Les eaux enrichies peuvent devenir si productives avec la croissance du phytoplancton que la lumière du soleil n'atteindra pas suffisamment de profondeurs pour soutenir la vie végétale aquatique au fond de la mer et que des habitats végétaux précieux comme les herbiers marins sont perdus. De nouvelles augmentations des concentrations de phytoplancton peuvent entraîner un appauvrissement en oxygène, lorsque les cellules mortes du phytoplancton se décomposent au fond de la mer.

Depuis quelques décennies, l'amélioration de la qualité des eaux côtières a été au centre de l'élaboration des politiques dans de nombreuses régions du monde. Il y a eu des réalisations impressionnantes dans la mise en œuvre de ces politiques, notamment dans l'amélioration du traitement des eaux usées.

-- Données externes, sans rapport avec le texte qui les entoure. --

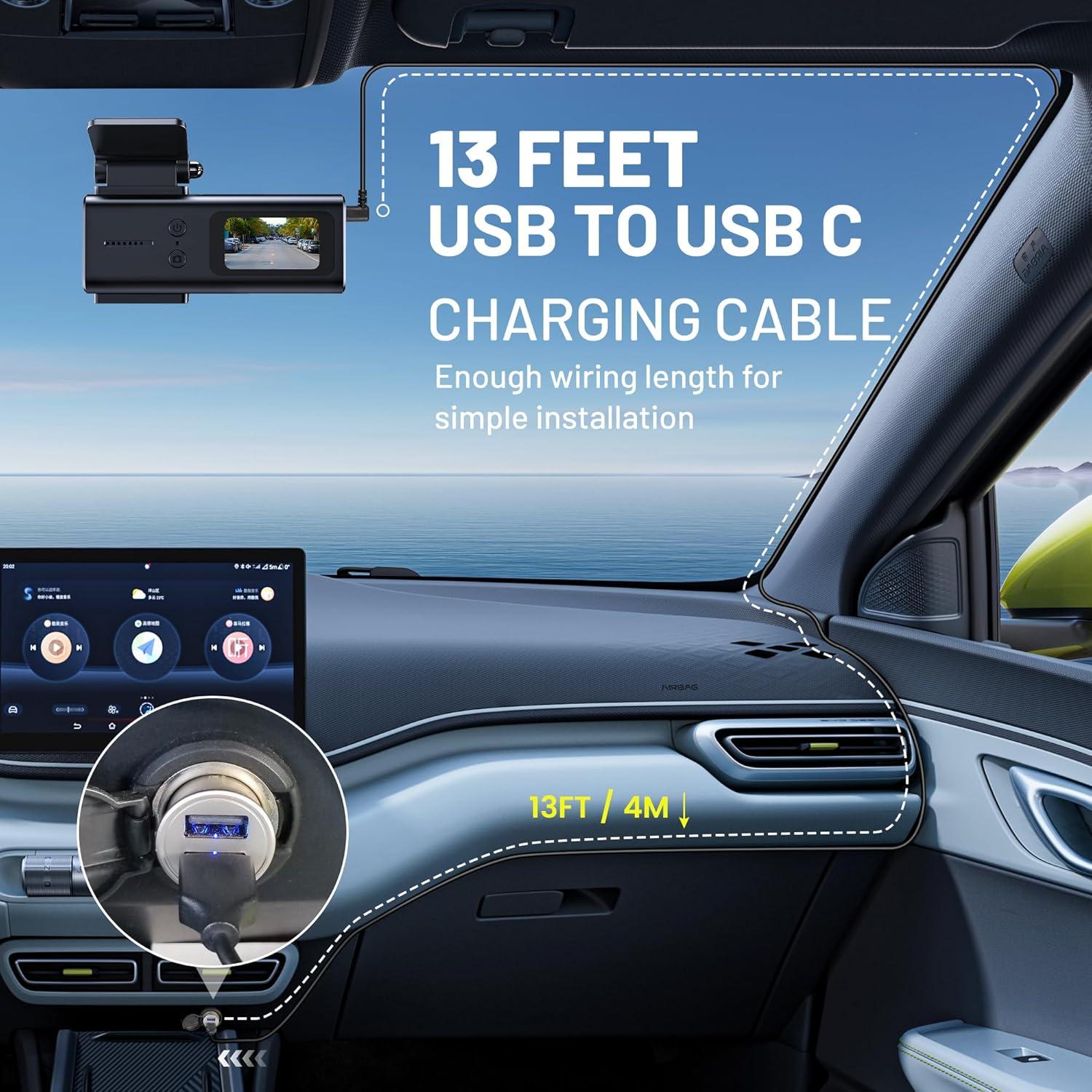 EWAY Cable de Alimentación USB-C 4M para Dash Cam 90 Grados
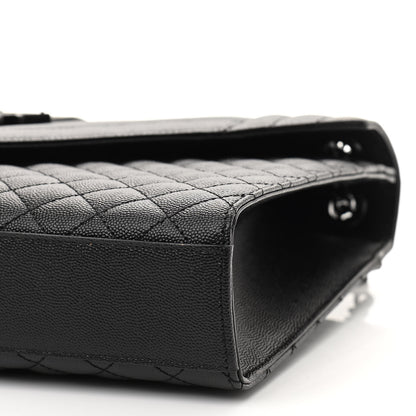 Saint Laurent Grain De Poudre Textured Mixed Matelasse Large Triquilt Monogram Monochrome Satchel Black 11 of 13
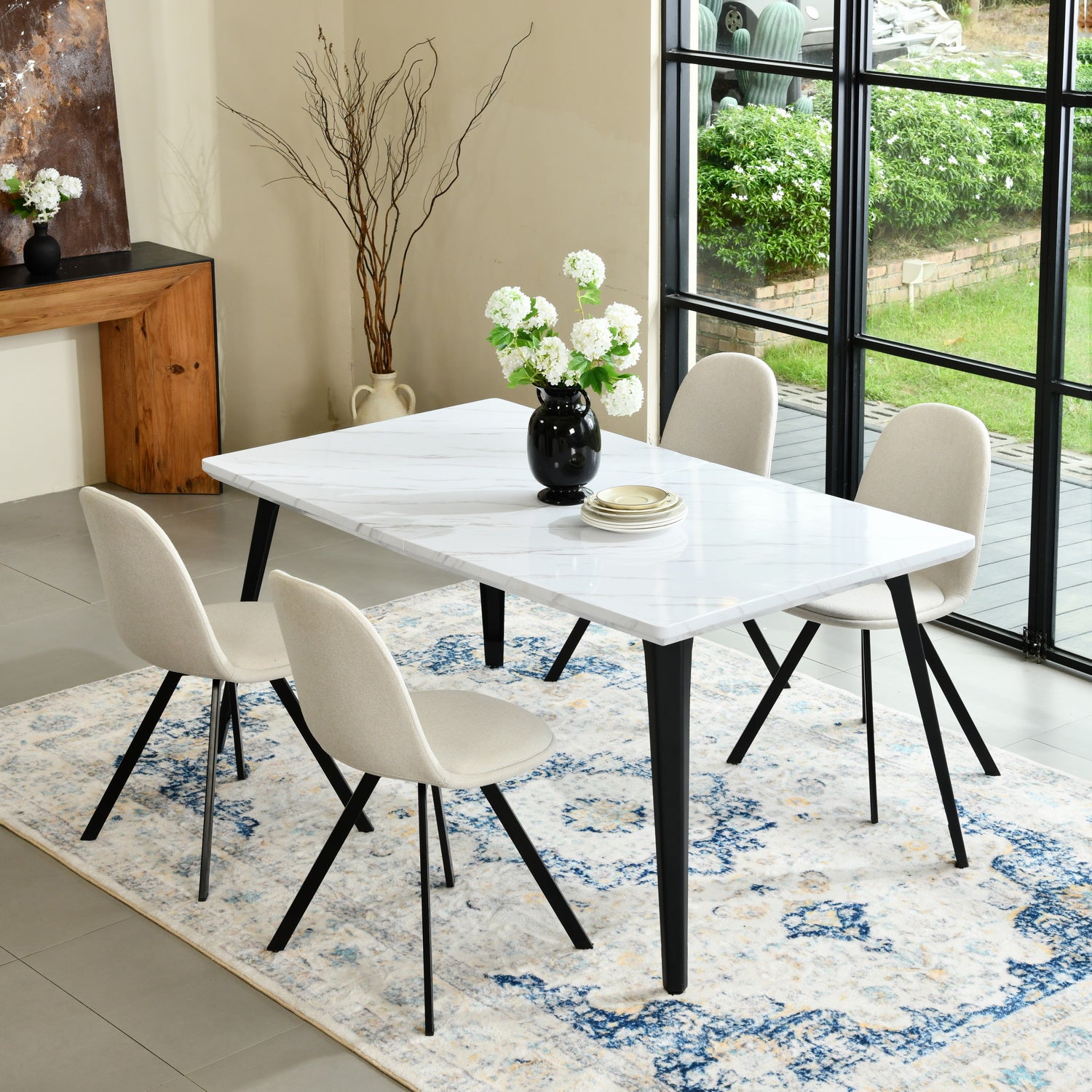 Homy Casa SUNFLOWER LUMOS BEIGE 4PCS 20.5" W x 17.7" D x 33.1" H Dining Chair Set for Home and Office Open Box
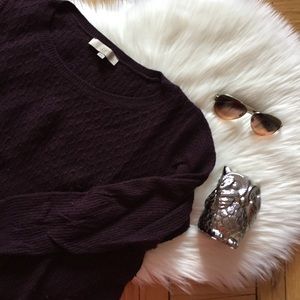 LOFT Maroon Basketweave Sweater Dress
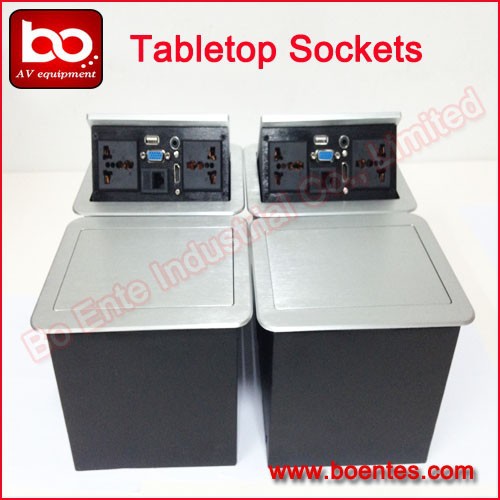 Aluminum Brushed Hydraulic Tabletop Pop Up Socket/Desktop Power Outlets with Bottom Interface Plug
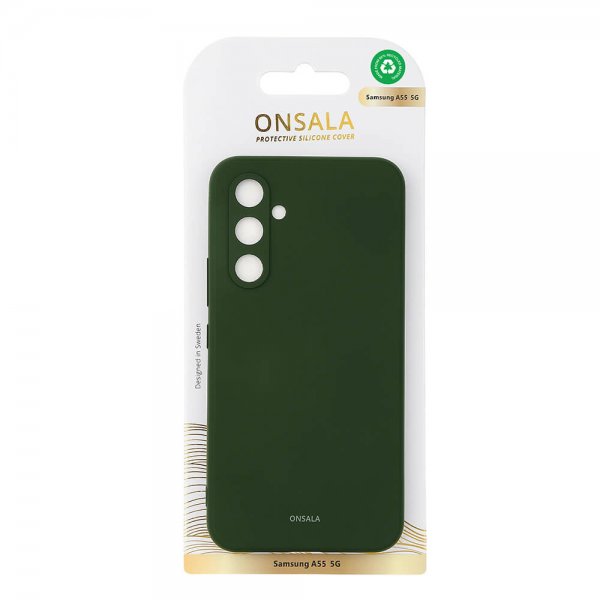 Samsung Galaxy A55 Skal Silikonkänsla Olive Green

Néanmoins, de nombreux plans d'eau côtiers, comme ceux d'Europe du Nord, y compris la Baltique proprement dite, sont toujours considérés comme fortement touchés par le ruissellement excessif de nutriments et continueront probablement de l'être dans les années à venir.

Les apports d'azote dans les eaux côtières proviennent de sources ponctuelles (par ex. piscicultures), sources diffuses/non ponctuelles (p. ex. terres agricoles, évacuation des eaux souterraines), ou atmosphérique (par exemple l'ammoniac volatilisé ou l'absorption de sous-produits de combustion).

Suite aux modifications et améliorations apportées aux programmes de gestion de la qualité de l'eau, les sources diffuses de nutriments sont les plus importantes. Les méthodes de traitement conçues pour minimiser l'introduction de nutriments dans les eaux côtières sont abondantes dans la mise en œuvre.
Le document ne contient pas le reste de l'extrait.